An influential Arab advocacy group on Monday called a general strike of all Arab communities for Tuesday in protest of the death of two residents of the city of Rahat during clashes with police recently.
As part of the strike, called by the Higher Arab Monitoring Committee, schools and businesses in the Arab Israeli communities were set to be shuttered, and several demonstrations against police brutality were planned.
Rahat Mayor Talal al-Krenawi called on Prime Minister Benjamin Netanyahu to “wise up” to what was going on, a day after a man died during clashes when a funeral for another Rahat resident allegedly killed by police last week turned violent.
“It is totally criminal,” Al-Krenawi told Army Radio, “This just can’t be ignored.”
“The prime minister needs to wake up, not everything is primaries, not everything is elections,” he continued. “These are citizens who want to live. These are your citizens, prime minister, wise up!”
Krenawi added that he will demand that an investigative committee look into the events over the past several days, which have also left dozens injured, including some policemen.
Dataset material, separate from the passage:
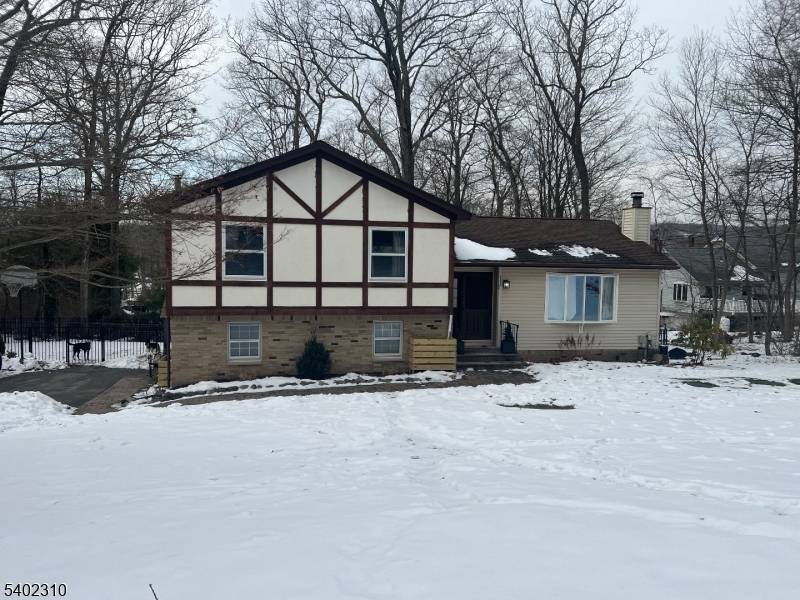 West Milford Twp., NJ 07421,117 Papscoe Rd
Police said the shooting victim, Sami al-Jaar, 20, was killed during a drug bust last Thursday but not by deliberate police fire.
The entire city held a strike Sunday, in protest of Jaar’s death. There was be a general strike in Rahat on Monday as well, Israel Radio reported.
The Legal Center for Arab Minority Rights in Israel, Adalah, criticized police for being too combative in their dealings with Arab and Bedouin groups, and in particular against the festering issue of unrecognized Bedouin villages in southern Israel.
“The murderous acts by the police against Arab citizens have become a routine matter, and this is not the first time that the Israeli police have tried to justify their crimes against Arab citizens by spreading lies,” Adalah said in a statement.
“Ever since the shelving of the Prawer plan the Israeli police have taken a particularly violent and aggressive approach against the Arab-Bedouin citizens with the intention of ‘teaching them a lesson,'” the statement continued.
The state’s Prawer plan, canceled in 2013, called for Israel to officially recognize and register the vast majority of Bedouin settlements throughout the south, and compensate the residents of 35 unrecognized villages — some 30,000 to 40,000 people — who were to be moved off state-owned land into towns built for them.
Adalah continued: “In addition, the Police Investigations Unit doesn’t investigate these serious incidents in a fitting and professional manner, and thus enhances the police perception of the Arab citizens as the enemy whose blood can be shed.”
— Amichai Stein (@AmichaiStein1) January 18, 2015
One person died and another was seriously injured in clashes with police Sunday in Rahat, as thousands attended Jaar’s funeral. Twenty other people were hurt during the disturbances. According to Israel Radio the man died of a heart attack during the furor.
Police said they were attacked by the funeral-goers with stones, and called for backup. One policeman was moderately hurt and another lightly injured. The police that arrived at the funeral then used riot dispersal means to break up the crowds.
According to the police account of Jaar’s death, policemen shot in the air after they were attacked by stones as they entered Rahat to arrest several people for drug-related crimes. Jaar, who was standing nearby, was hit.
An investigation has been opened into the case.